Ironically, the agents use doors to keep closing gates for David. By wearing special hats, the agents can use any door to teleport to another location, thus thwarting David’s every move in trying to reach Elise. If fate has ever slammed the door in your face, you know what it feels like to have the Adjustment Bureau on your heels.

“When one door of happiness closes, another opens; but often we look so long at the closed door that we do not see the one which has been opened for us,” Hellen Keller once wrote. While forcing us to leave something behind, every door also leads to a new place. In David’s case, he would become the most powerful man in the world, and Elise’s future looks more than bright without him too.

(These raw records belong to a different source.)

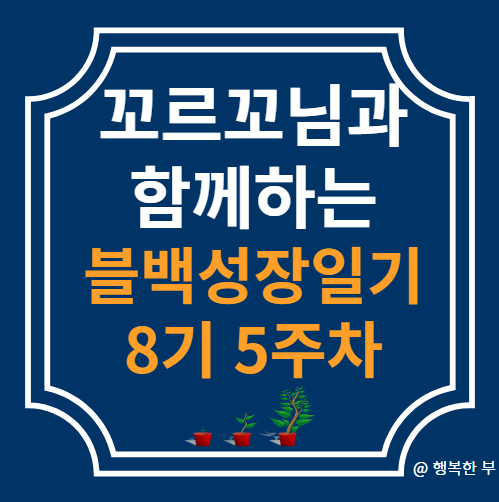  꼬르꼬님과 함께하는 블백성장일기 8기 5주차(자녀 독립시키기)
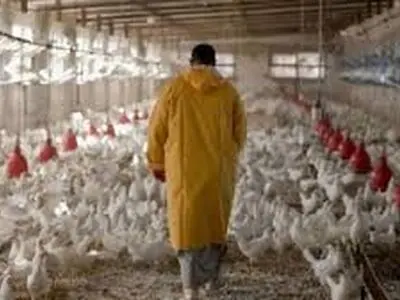 قیمت 14400 تومانی مرغ به ضرر مرغدار است/ نهاده‌های دولتی افزایش قیمت داشته است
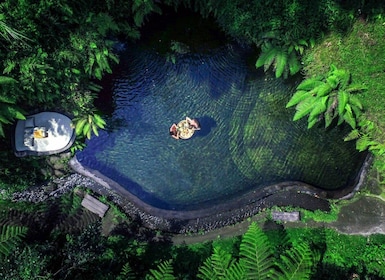 bali safari park gianyar Ubud: Floating Breakfast, Jungle Swing & Spa Romantic Tour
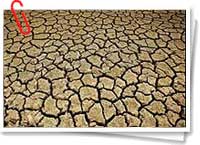 Entre los efectos del calentamiento global están las sequías prolongadas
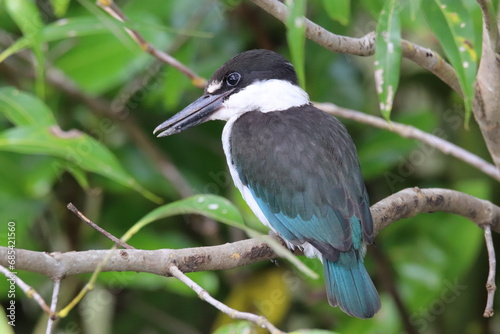 Torresian Kingfisher of Queensland Australia photo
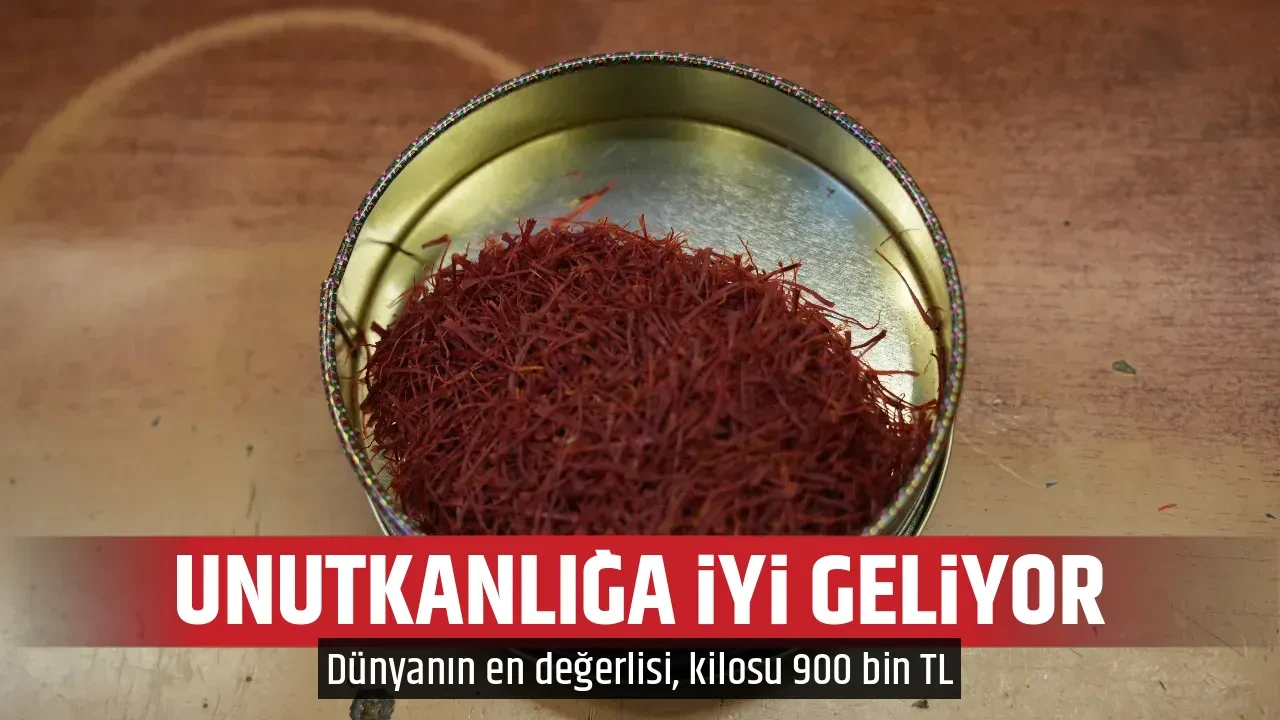 UNUTKANLIĞA İYİ GELİYOR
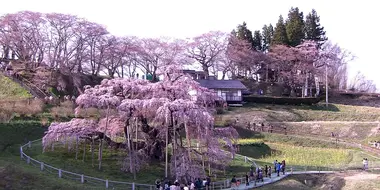 Cherry Blossoms will Bloom: Miharu, Fukushima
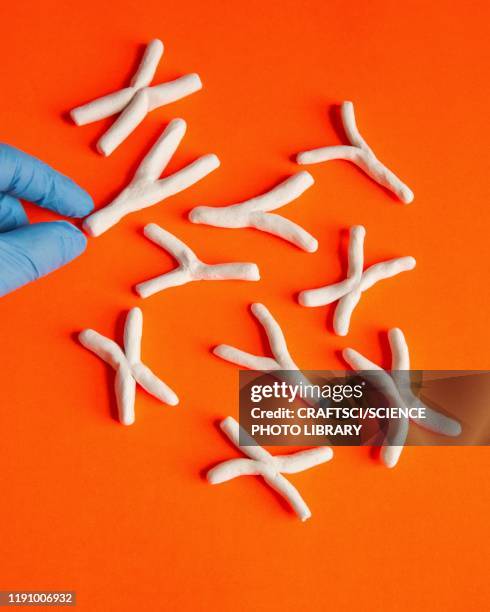 genetic research, conceptual image - chromosome stock-fotos und bilder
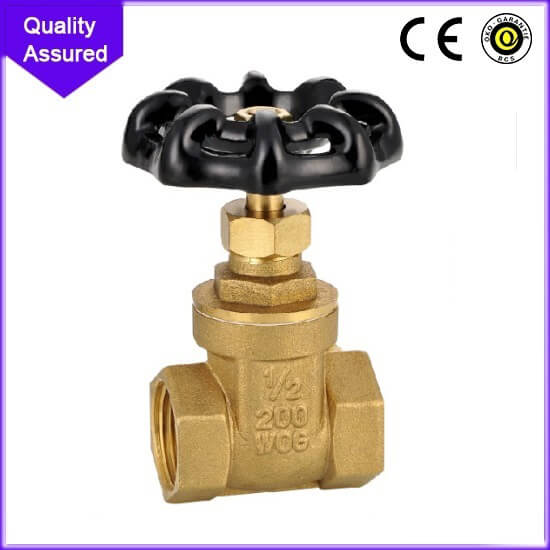  Full Way Gate Valve PN20 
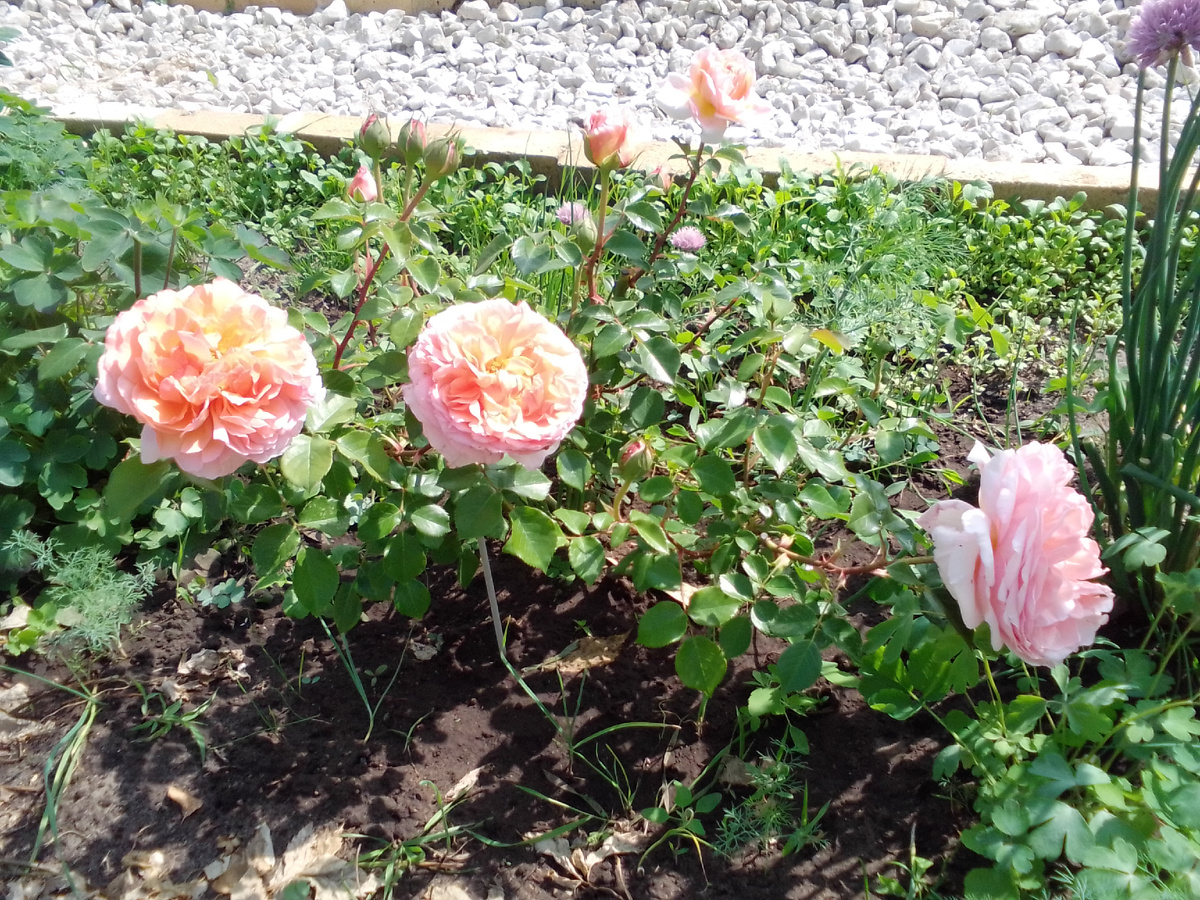 Абрахам Дерби, красивые цветы, а кустик очень маленький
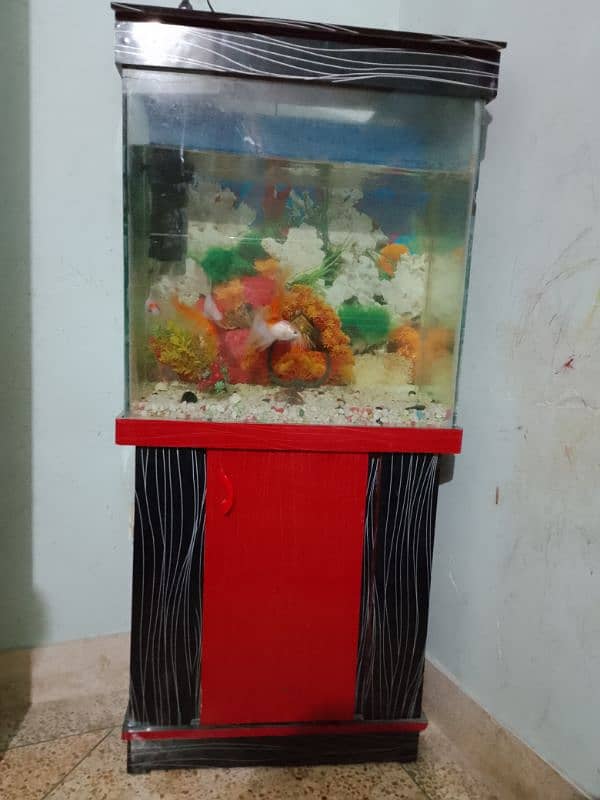 fish aquarium 3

And yet…

“We never know what is on the other side of the door,” Matt Haig writes in The Comfort Book. “It may be a room similar to the one we are standing in, or it might be a room we have never seen before. It might not be a room at all. But we can never be sure.” That’s why doors are scary. We can’t see what we’re about to gain. All we know is what we’re giving up.

Sometimes, we look around the room we’re so familiar with, and we hesitate. We take our hand off the handle. “Do I really need to open this one? What if it’s Pandora’s box?” At other times, particularly those when we did find a wasteland rather than an oasis after taking our latest portal, we desperately cling to the handle of a door that’s long been closed. We rattle and shake and hit our flat hand against the wood, all to no avail. Like David, desperately trying to find his way back to Elise.

But was that door ever really locked? Haig believes few endings mean something is actually over: “Even though I have largely recovered from depression, the door is never quite closed.” It is “always slightly ajar,” he writes. Some doors are revolving. They transport us into the unfamiliar, but they still allow us to return. Sometimes, they even painfully try to pull us back.

Every ending contains a new beginning, because there are neither endings nor beginnings. Only doors. “Everything in front of us is defined by possibility,” Haig says. “And even if we end up somewhere we don’t want to be,” we should remember that “another door exists. And another beautiful handle, waiting to be turned.”

I don’t know if the Adjustment Bureau will breathe down your neck today. I don’t know where your next door will lead. All I know is that it is neither the end nor the beginning. It is a door to the future — and the only way to find out what’s behind it is to step through.

Optimism Trumps Fate

Maybe not today, but in the long run, it definitely will. I’m not talking about a specific instance here. “I was so sure we’d win the game, but the rain made it impossible to cover any ground with those new shoes we’d just bought.” That happens all the time.

What I want you to consider is your belief in the concepts of optimism and fate themselves. Let’s say you don’t believe in fate. The cosmos is full of randomness and indifference.

If you’re also an optimist, you’ll constantly expect chance to pleasantly surprise you, and you’ll work hard towards giving it as many opportunities as you can. If you’re a pessimist, however, everything you do will feel just as meaningless as random particles colliding in the cold darkness of space. Why do anything? It’ll all amount to nothing anyway.

Now, let’s assume you believe very strongly in fate. Everything is preordained, and there’s no way we can escape fortune’s grasp.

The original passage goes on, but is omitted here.